Translates material in Wiki markup language to plain text. Usage:

from WikiTrans.wiki2text import TextWikiMarkup

markup = TextWikiMarkup(filename='input.txt')
markup.parse()
print(str(markup))

Specific constructor arguments:

width = N

Limit output width to N columns. Default is 78.

show_urls = bool

Whether or not to show the URLs links refer to. If bool is True (the default), a URL will be displayed in parentheses next to the link text. If False, only the link text will be displayed.

class TextWiktionaryMarkup

Translate material from wiktionary to plain text form. This is supposed to provide a wiktionary-specific form of TextWikiMarkup. Currently, this class differs from TextWikiMarkup only in that the default value for html_base is http://%(lang)s.wikipedia.org/wiki/.

class TexiWikiMarkup

Translate Wiki markup to Texinfo source. Usage:

from WikiTrans.wiki2texi import TexiWikiMarkup

markup = TexiWikiMarkup(filename='input.txt')
markup.parse()
print(str(markup))

Two markup-specific keywords control the sectioning model used.

sectioning_model = model

Selects the Texinfo sectioning model for the output document. Possible values are:

numbered

Top of document is marked with @top. Headings (=, ==, ===, etc) produce @chapter, @section, @subsection, etc.

unnumbered

Unnumbered sectioning: @top, @unnumbered, @unnumberedsec, @unnumberedsubsec.

appendix

Sectioning suitable for appendix entries: @top, @appendix, @appendixsec, @appendixsubsec, etc.

heading

Use heading directives to reflect sectioning: @majorheading, @chapheading, @heading, @subheading, etc.

sectioning_start = n

Shift resulting heading level by n positions. For example, supposing sectioning_model=numbered, == A == will produce @section A on output. If sectioning_start=1 is also given, this directive will produce @subsection A instead.

class HtmlWikiMarkup

Translates Wiki markup to HTML. Usage:

from WikiTrans.wiki2html import HtmlWikiMarkup

markup = HtmlWikiMarkup(filename='input.txt')
markup.parse()
print(str(markup))

Supported keywords are same as for WikiMarkup class.
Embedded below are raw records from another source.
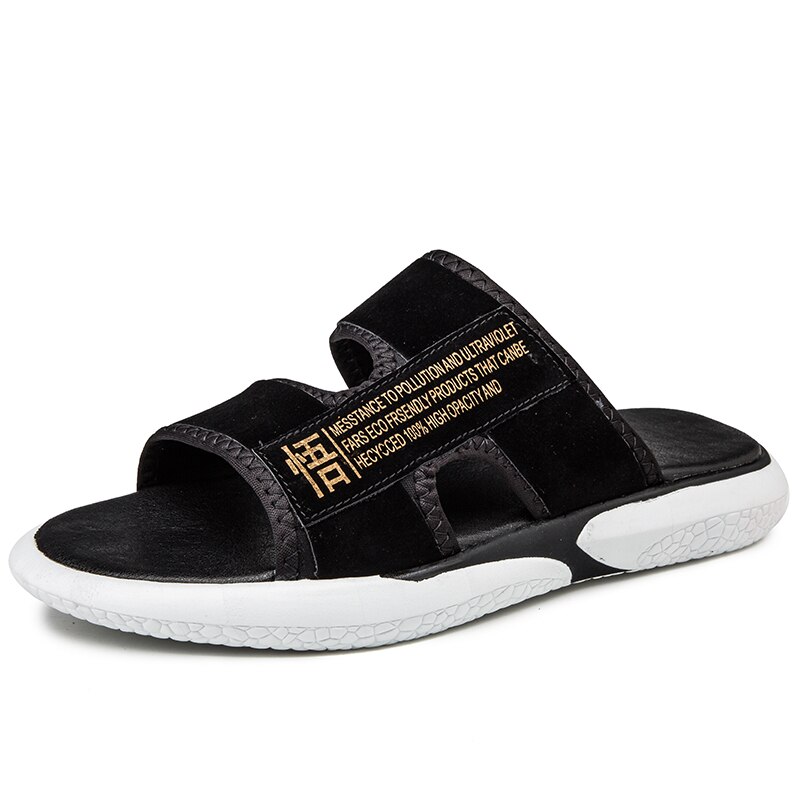 Pantoufles de gladiateur kaki pour hommes, sandales de plage, de stylistes, Super Cool, chaussures Mule, collection sans lacet: Black / 39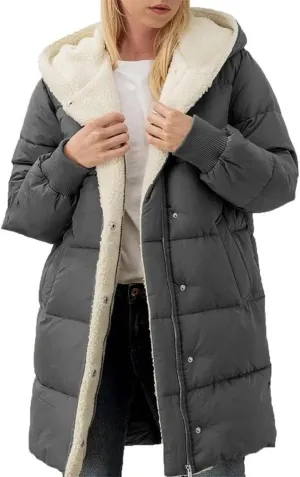 Women Puffer Jacket Fall Winter Fashion Warm Quilted Long Hooded Padded Bubble Hooded Coat Warm Long Jacket Parka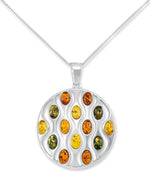 Load image into Gallery viewer, Sterling Silver_Amber Rosa™ Genuine Multi Color Amber Round Art Deco Pendant, 18"_I_Heart_1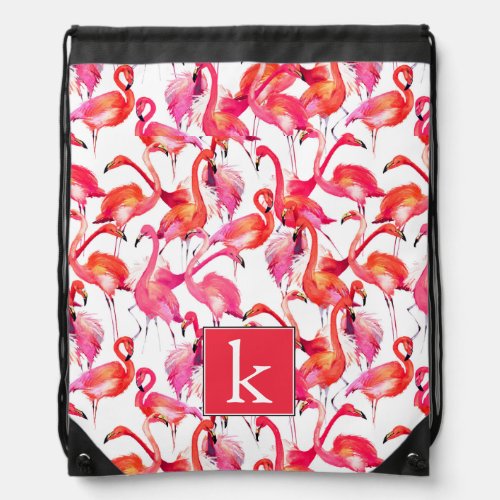 Watercolor Flamingo In Watercolors  Add Your Name Drawstring Bag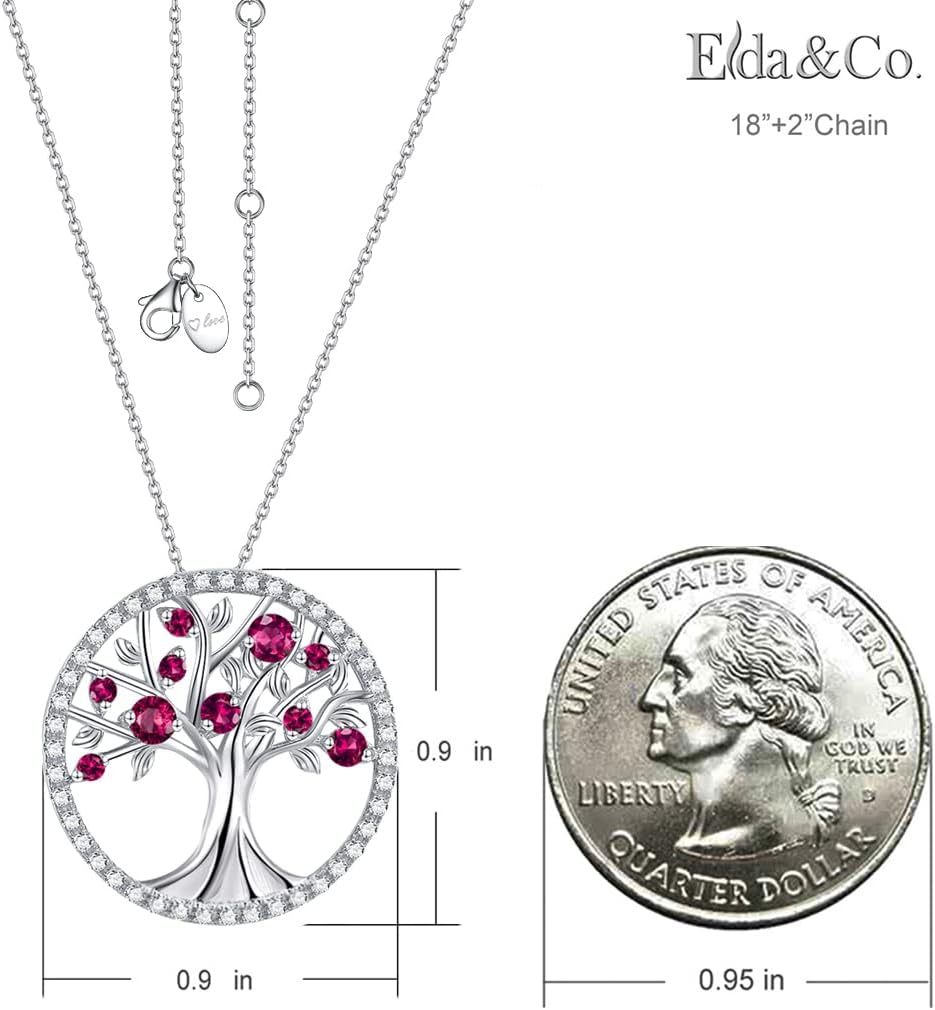 Tree of Life Necklace Birthday Gifts for Wife Mom January February Birthstones Necklace Garnet Amethyst and More Stones Jewelry 925 Sterling Silver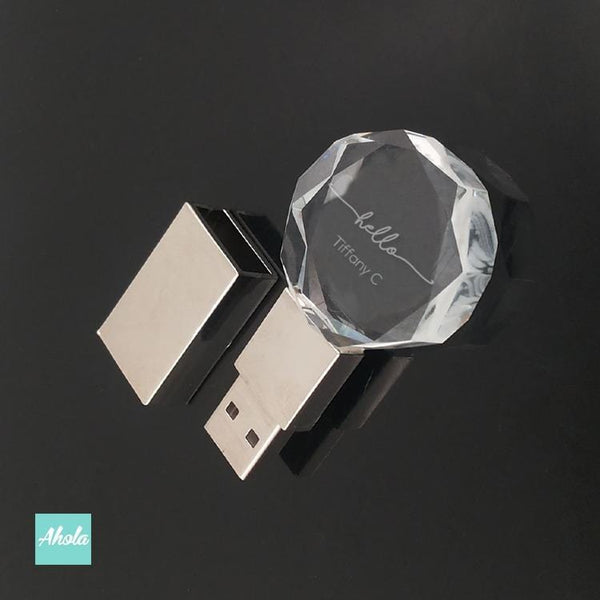 【Shore Line】Laser Engraved Round Crystal USB drive 激光刻字水晶USB手指 - Ahola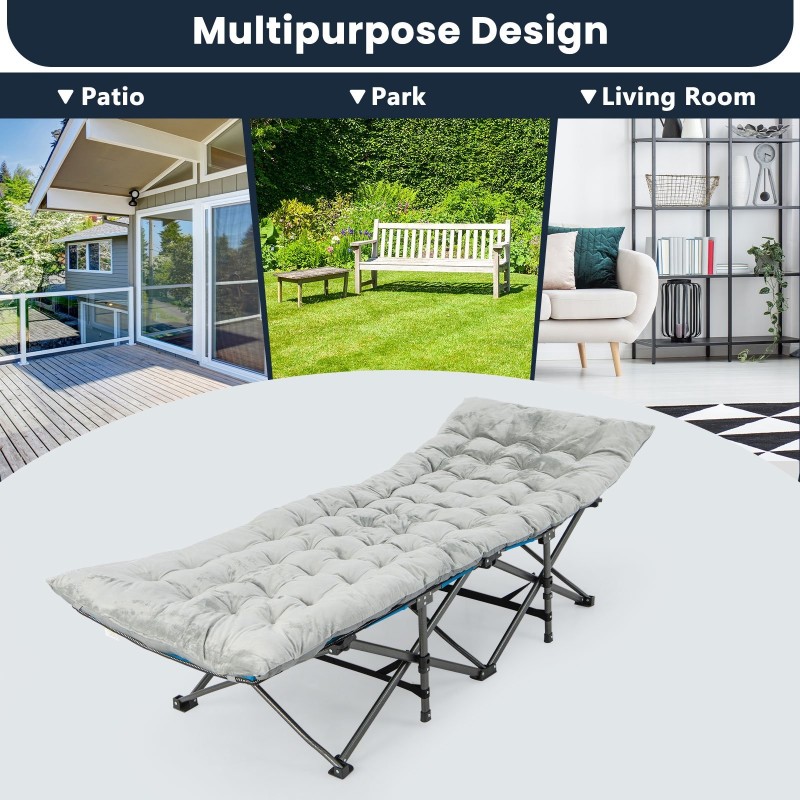 Harmaa mukava makuualusta 190x70 cm ulko- ja sisäkäyttöön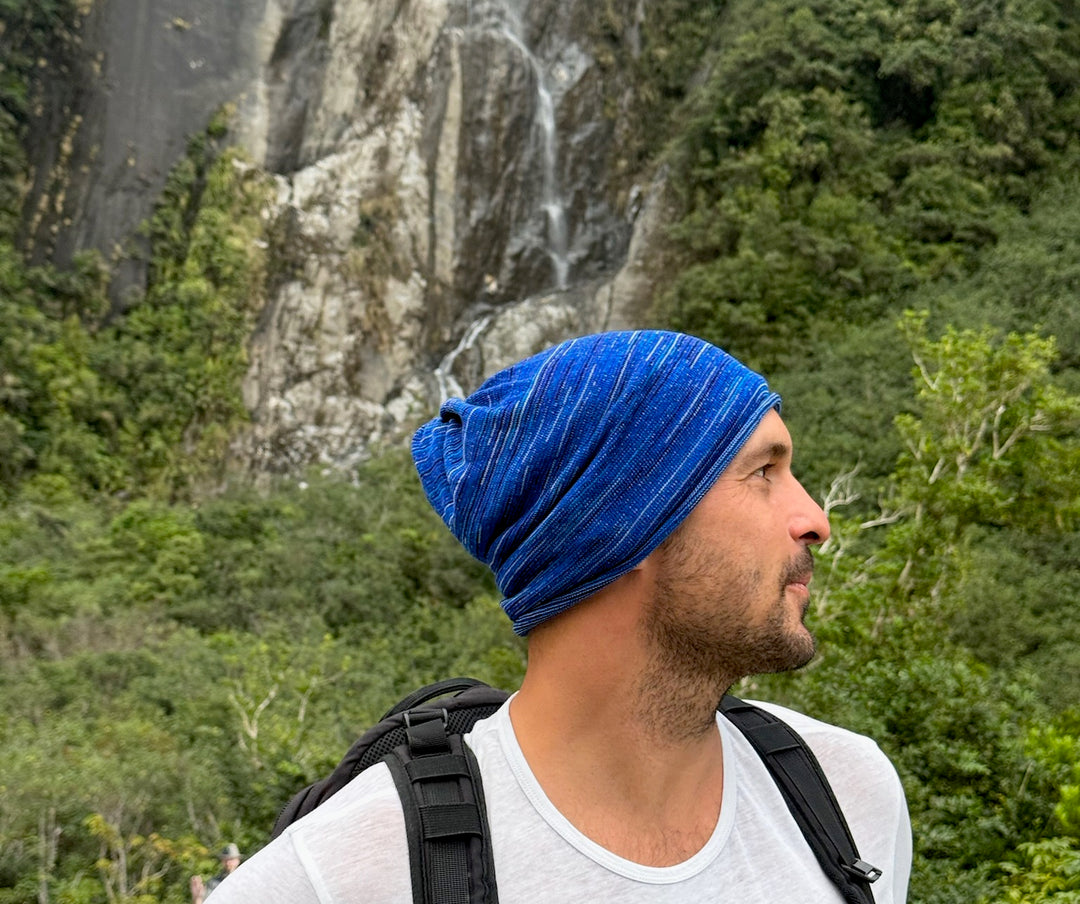 Merino Beanie Wrap - Alpine Blues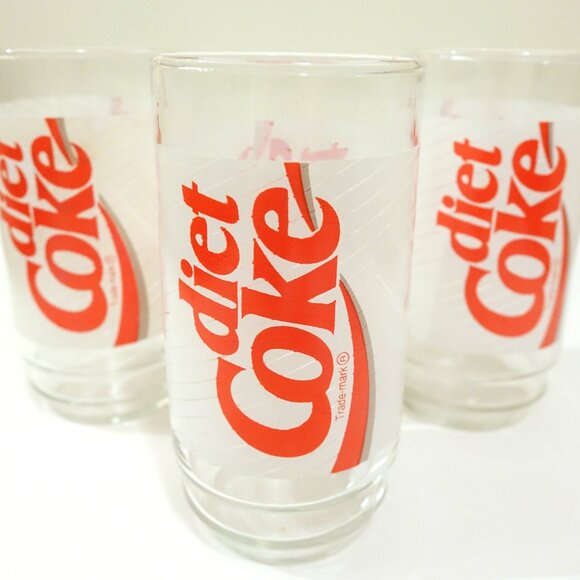 Set of 3 Vintage Diet Coke Glasses - Picture 1 of 6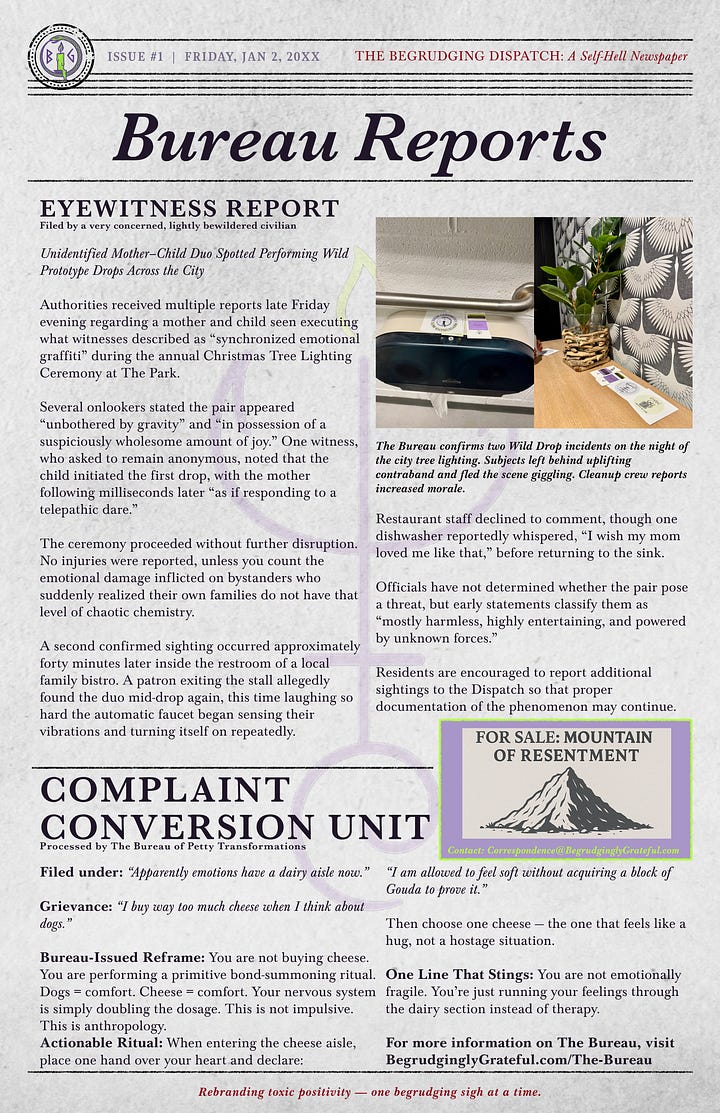 Four-page newspaper issue featuring the Benediction, Field Notes, Bureau Reports, charts on emotional futility, a Zenny Osseus profile, and ads from The Begrudgingly Grateful Empire.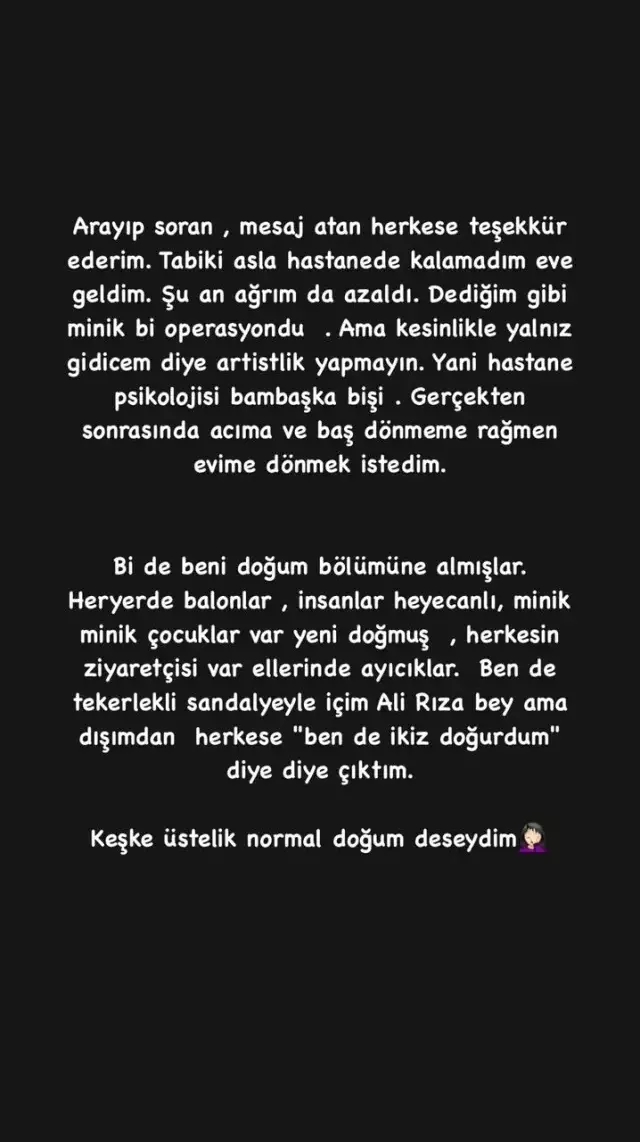 Zeynep Kocak Ameliyat Oldu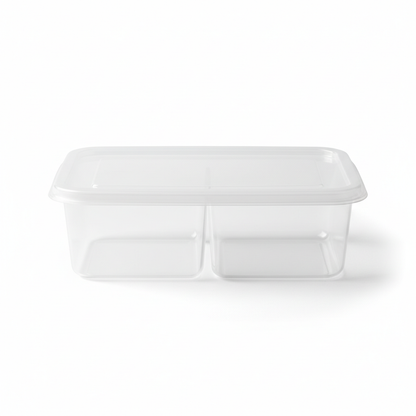 Transparent PLA 2 compartment container front view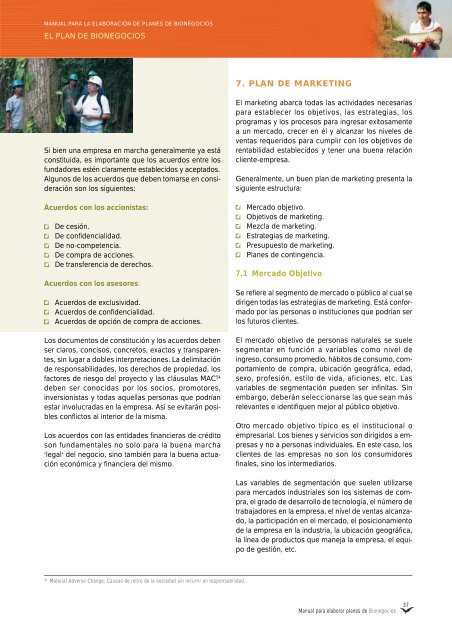 Manual para elaborar planes de Bionegocios - CDAM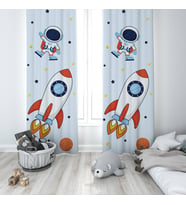 Çocuk Odası Dijital Baskılı 135x260cm Tek Kanat Fon Perde Model 00112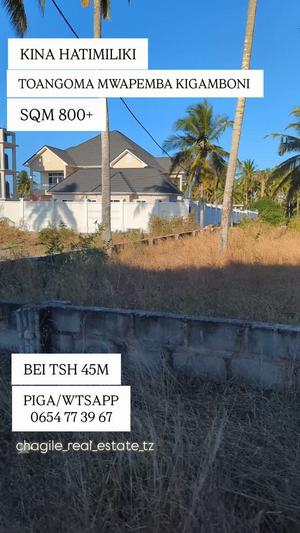 Residential Plot for Sale in Toangoma Mwapemba, Dar Es Salaam (800 sqm)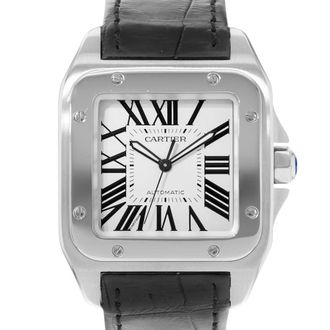 Cartier Pre-owned Cartier Santos 100 Automatic Silver Dial Mens Watch W20073X8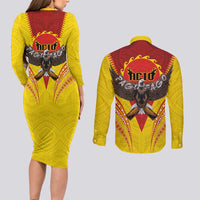 American Samoa Fautasi Race Couples Matching Long Sleeve Bodycon Dress and Long Sleeve Button Shirt Pago Pago-Aeto Samoan Tattoo and Eagle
class HtmlWiktionaryMarkup

Translate material from wiktionary to HTML form. This is supposed to provide a wiktionary-specific form of HtmlWikiMarkup. Currently both classes are equivalent, except that the default value for html_base in HtmlWiktionaryMarkup is http://%(lang)s.wikipedia.org/wiki/.

The wikitrans utility

This command line utility converts the supplied text to selected output format. The usage syntax is:

wikitrans [OPTIONS] ARG

If ARG looks like a URL, the wiki text to be converted will be downloaded from that URL.

Otherwise, if the --base-url=URL option is given, ARG is treated as the name of the page to get from the WikiMedia istallation at URL.

Otherwise, ARG is treated as the name of the file to read wiki material from.

Examples:

wikitrans text.wiki

wikitrans --base-url http://en.wiktionary.org door

wikitrans https://en.wiktionary.org/wiki/Special:Export/door

Options are:

--version

Show program’s version number and exit.

-h, --help

Show a short usage summary and exit.

-v, --verbose

Verbose operation.

-I ITYPE, --input-type=ITYPE

Set input document type. ITYPE is one of: default or wiktionary.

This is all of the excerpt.